Archived Content

The following content is from an older version of this website, and may not display correctly.

Colocation data center provider CoreSite announced Friday a plan to expand its Los Angeles, Calif., facility. The company is planning to add 2 MW of power to the data center and to bring the extra capacity online by the first quarter of 2010, according to a CoreSite statement.

The expansion will add 14,000 square feet to the existing 50,000 square feet of raised floor, said Billie Haggard, the company's VP of data centers. The existing floor is about 80 percent full - used by both colocation and wholesale customers - and contracts are pending for leasing out the rest. The facility will provide about 240,000 square feet at full build-out and CoreSite is planning to continue expanding in 1.3-2 MW increments every six months.

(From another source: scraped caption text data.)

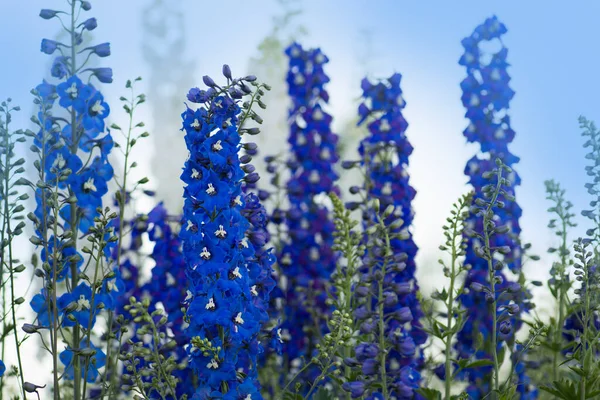 银花盛开 夏天花园中的兰花 — 图库照片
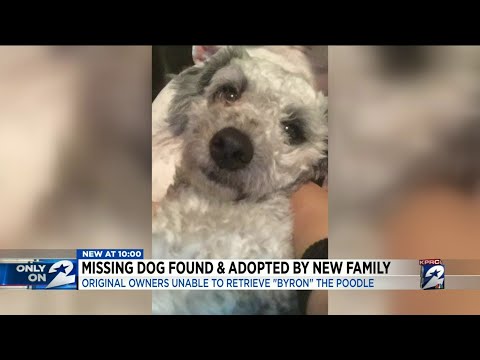 Video: Stratený pes dostane prijatá nová rodina, zatiaľ čo stará rodina stále hľadá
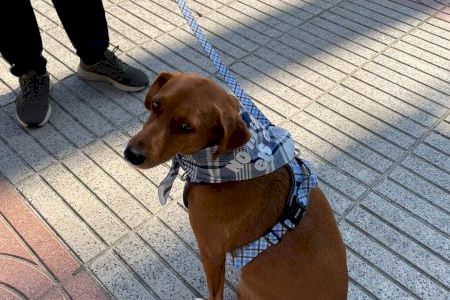 Alzira reparteix mocadors fallers per a gossos amb el lema “No m’agraden els coets”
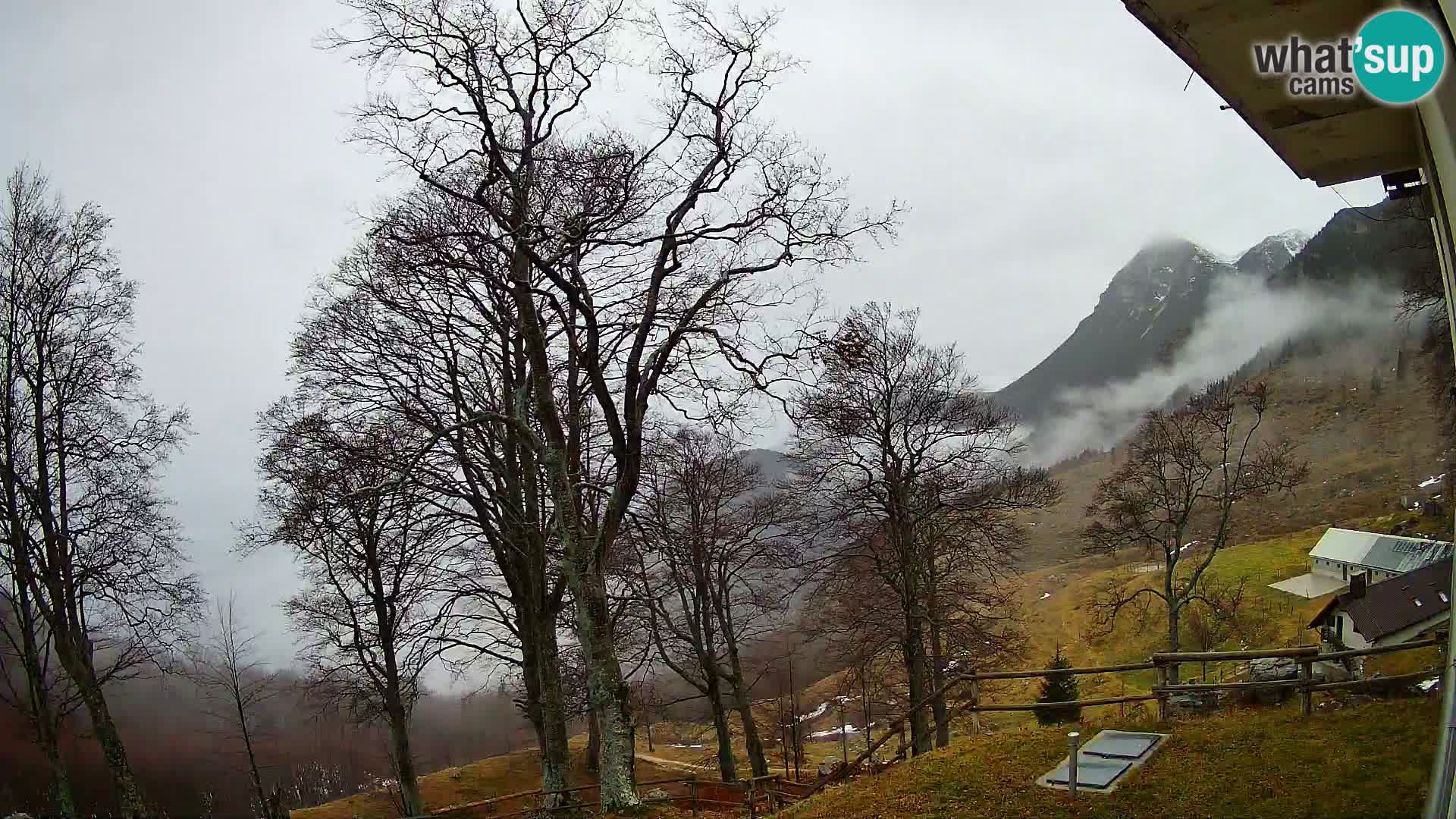 Planina Razor Mountain Hut live cam (1315) | view to Tolminski Migovec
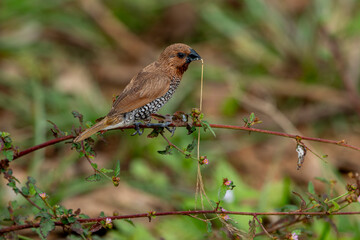 The scaly-breasted munia or spotted munia, known in the pet trade as the nutmeg mannequin or spice finch, is a sparrow-sized estrildid finch native to tropical Asia.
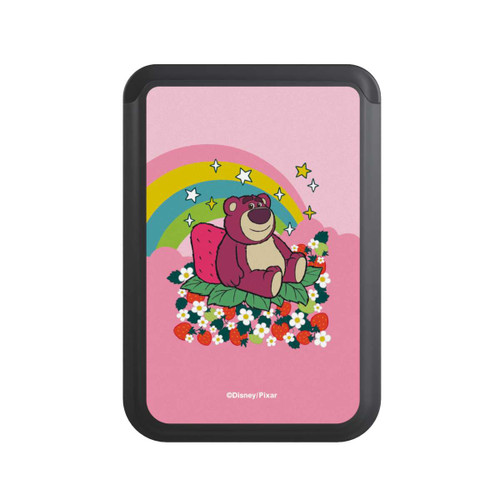  Cardholder Strawberry Rainbow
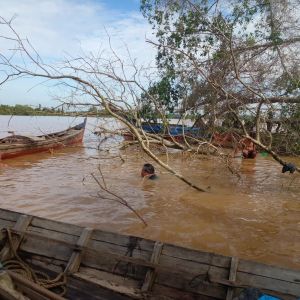 Pompong Muatan Pinang Karam di Muarasabak Ulu, Satu Tewas
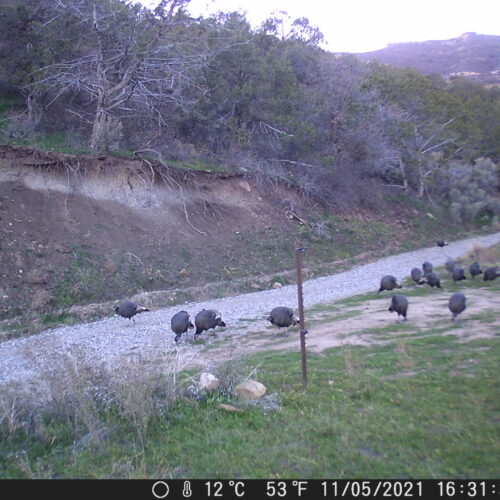 Wildcamera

The company will undertake several measures to increase efficient energy use by facilities equipment serving the new space, Haggard said. Among those measures are deployments of variable-speed cooling fans under the floor, efficient scalable UPS units and zoned lighting.

The data center - located at 900 N. Alameda - serves more than 15 network carriers on-site and is also connected to a facility CoreSite manages at the One Wilshire building. The company operates a meet-me room and a 100,000-square-foot data center there, providing its customers with a wide choice of networks and service providers.

Equinix - another major colocation player and CoreSite's main competitor in the Los Angeles area - also announced an expansion there this week. The company launched a new data center in El Segundo (a Los Angeles suburb) on Thursday - its fourth colocation facility in the region. Equinix has two data centers in downtown Los Angeles.

Both CoreSite and Equinix said they got a lot of business in Los Angeles from entertainment companies, who increasingly rely on digital production tools. Among CoreSite's other cutomers at 900 Alameda are eHarmony, Slide and AppNexus.

CoreSite Senior VP of Sales and Marketing David Dunn said the Los Angeles-area market has been "erratic" over the past decade, with demand peaking in the late '90s (before the burst of the so-called "dot-com bubble") and picking up again in 2005 and 2007. Today, the market offers strong demand from smaller local companies but not much in terms of large international enterprises.

Even though energy prices have risen over the past two years, they remain lower than or comparable to other U.S. markets CoreSite operates in, Dunn said. Electricity in Los Angeles is provided by a public utility, controlled by the Los Angeles Department of Water and Power, and the rates are slightly lower than those in Northern California's Silicon Valley and much lower than the rates in New York City.